Increase benefits or face defections - Shabbir
Shabbir Ahmed, the former Pakistan bowler who now plays for the ICL, has said that if the Pakistan board did not increase financial benefits for domestic cricketers it would have to face more defections to the unauthorised Twenty20 league which offered good money to players.
However, Shabbir, who plays for the ICL's Chennai Superstars, was hopeful that the new PCB regime, which included several former Test players, would change the situation where ICL players were banned from playing any form of representative cricket in and for Pakistan. Javed Miandad, the former Pakistan captain and current director-general of the PCB, had earlier said there was immense pressure on the board to bring ICL players back into the fold.
"All the previous heads of the board were clueless," Shabbir was quoted as saying in the Pakistan daily Nation. "It is good now they have brought a former Test player [Ijaz Butt, the PCB chairman] and other cricketers into the board.
"Sooner or later the authorities will have to recognise the ICL as it is big cricket and it is offering big money.
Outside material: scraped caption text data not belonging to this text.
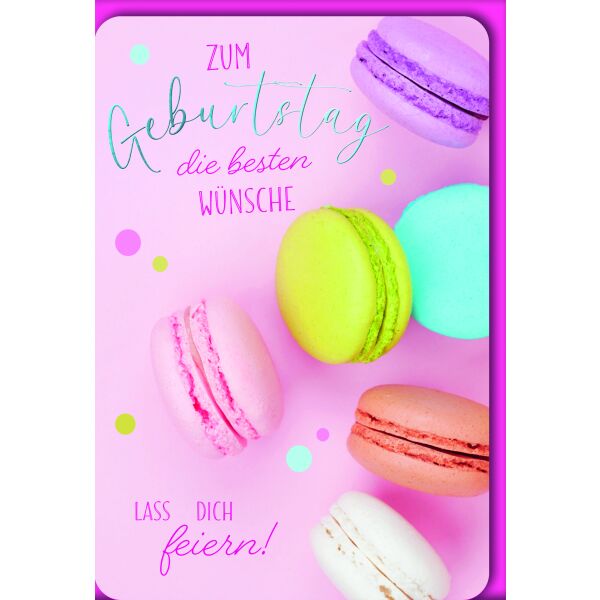 Geburtstag bunte Macarons lass Dich feiern Glückwunschkarte mit Umschlag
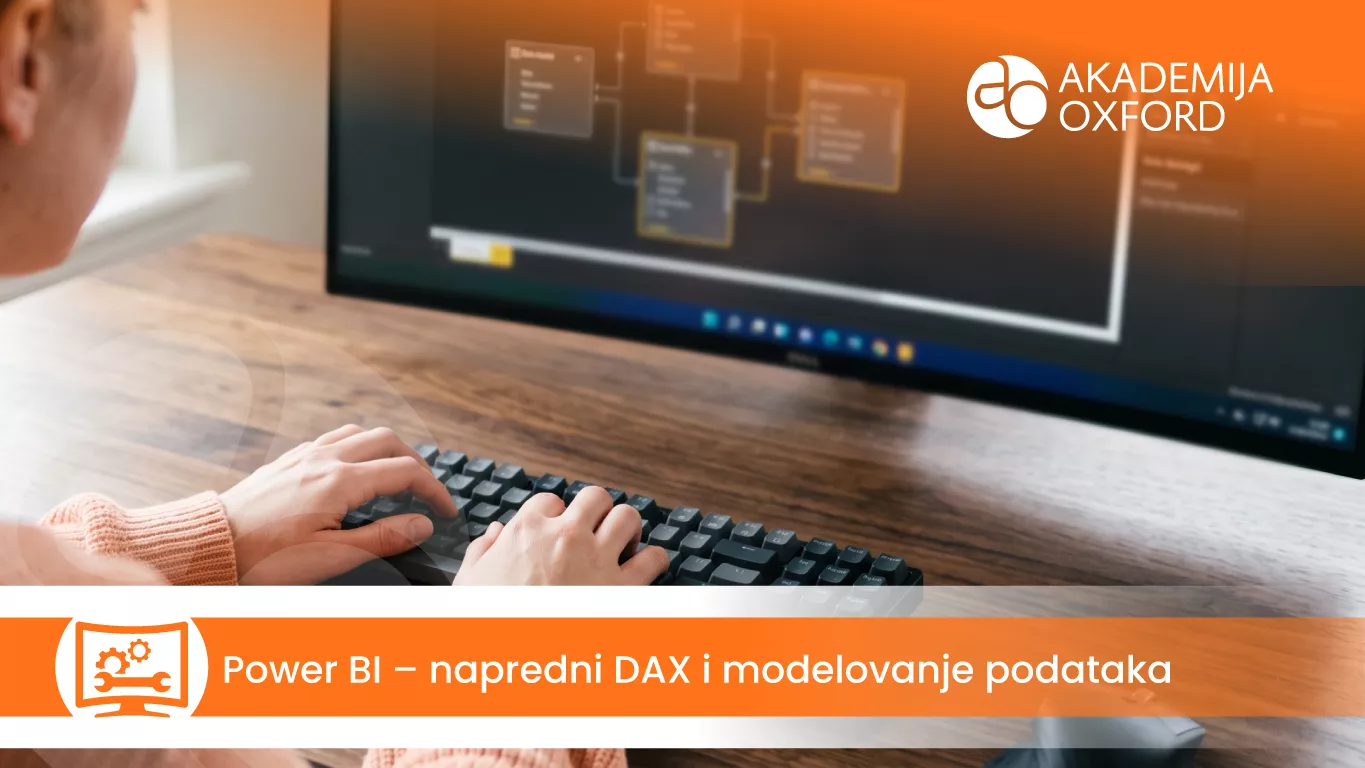 Power BI – napredni DAX i modelovanje podataka — Akademija Oxford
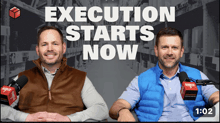 two men sitting in front of microphones with the words execution starts now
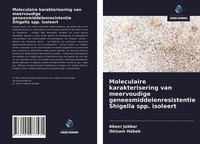 Abeer Jabbar (U. A.) | Moleculaire Karakterisering Van Meervoudige...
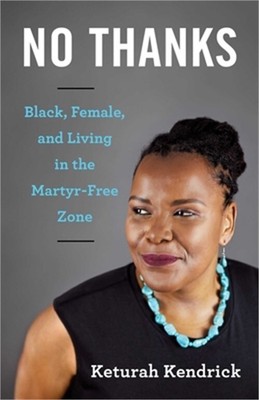 No Thanks: Black, Female, and Living in the Martyr-Free Zone (Paperback or Softb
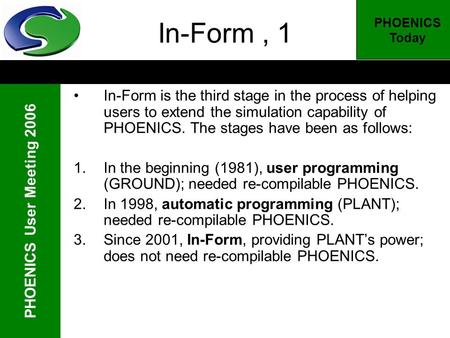 PHOENICS User Meeting 2006 PHOENICS Today In-Form, 1 In-Form is the third stage in the process of helping users to extend the simulation capability of.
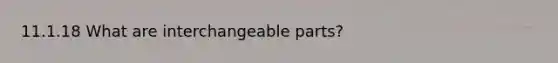 11.1.18 What are interchangeable parts?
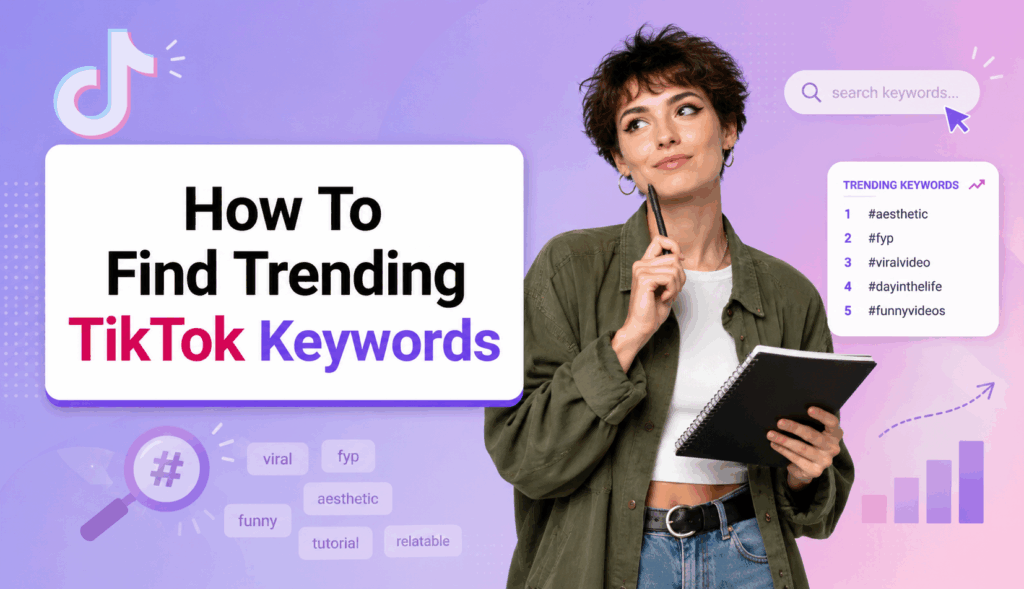 TikTok banner featuring a thoughtful young woman holding a notebook, with bold text about finding trending TikTok keywords and minimalist search, hashtag, and analytics graphics on a purple-pink gradient background.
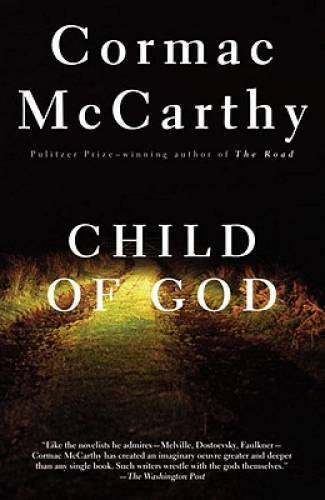 Child of God – Paperback By Cormac McCarthy – GOOD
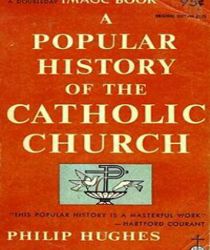 A POPULAR HISTORY OF THE CATHOLIC CHURCH
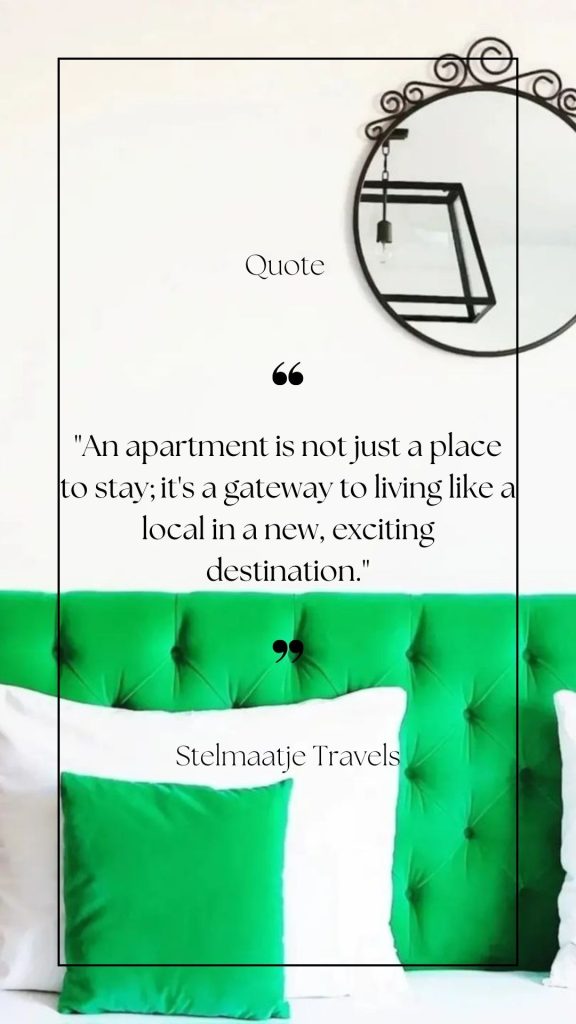 reis quote: "An apartment is not just a place to stay; it's a gateway to living like a local in a new, exciting destination."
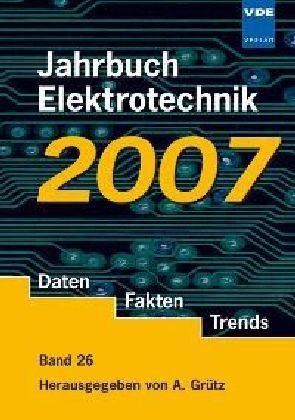 Jahrbuch Elektrotechnik. Daten, Fakten, Trends - 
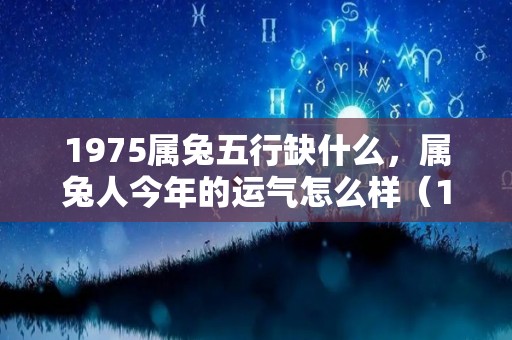 1975属兔五行缺什么，属兔人今年的运气怎么样（1975属兔命里缺啥）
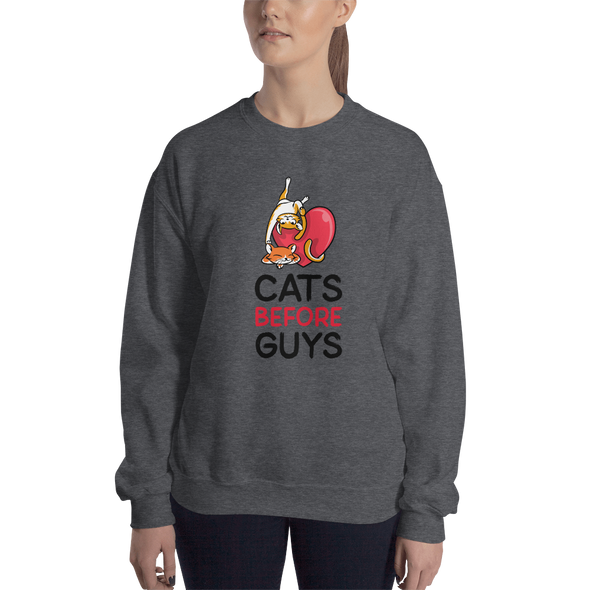 CATS BEFORE GUYS Unisex Sweatshirt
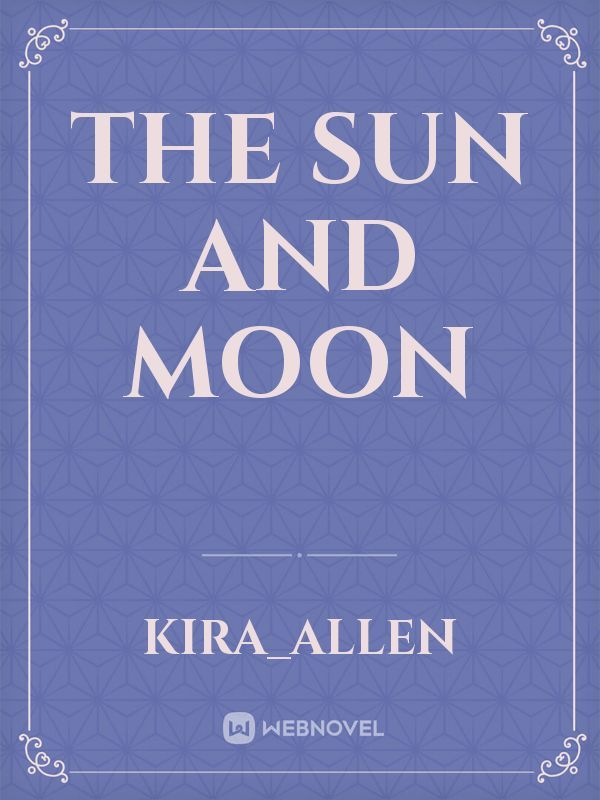 THE SUN AND MOON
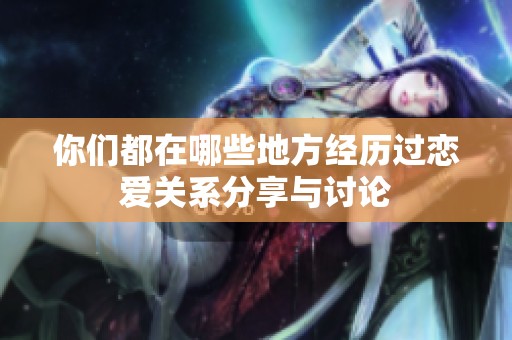 你们都在哪些地方经历过恋爱关系分享与讨论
Livelihood of many cricketers is now linked to the ICL. How long can they continue to ignore it?"
Shabbir accused former PCB chairman Nasim Ashraf of having a personal agenda against the ICL players. "At times it seemed as if Ashraf had some sort of personal agenda against the ICL and some interest in the Indian Premier League and allowing players to sign contracts with it," Shabbir said.
Earlier this year Shoaib Akhtar alleged that the PCB's ban imposed him on grounds on indiscipline was punishment in return for refusing to give Ashraf a share of his salary from the IPL. Shoaib also alleged that Ashraf had tried to extort money from other Pakistani cricketers as well. He apologised and took back his comments after Ashraf filed a defamation suit against him.
Shabbir said several former players who criticised the decision of those who joined the ICL had played in Kerry Packer's World Series Cricket despite opposition from other cricket boards. "They did because they were getting good money. We have also gone to the ICL to safeguard our future."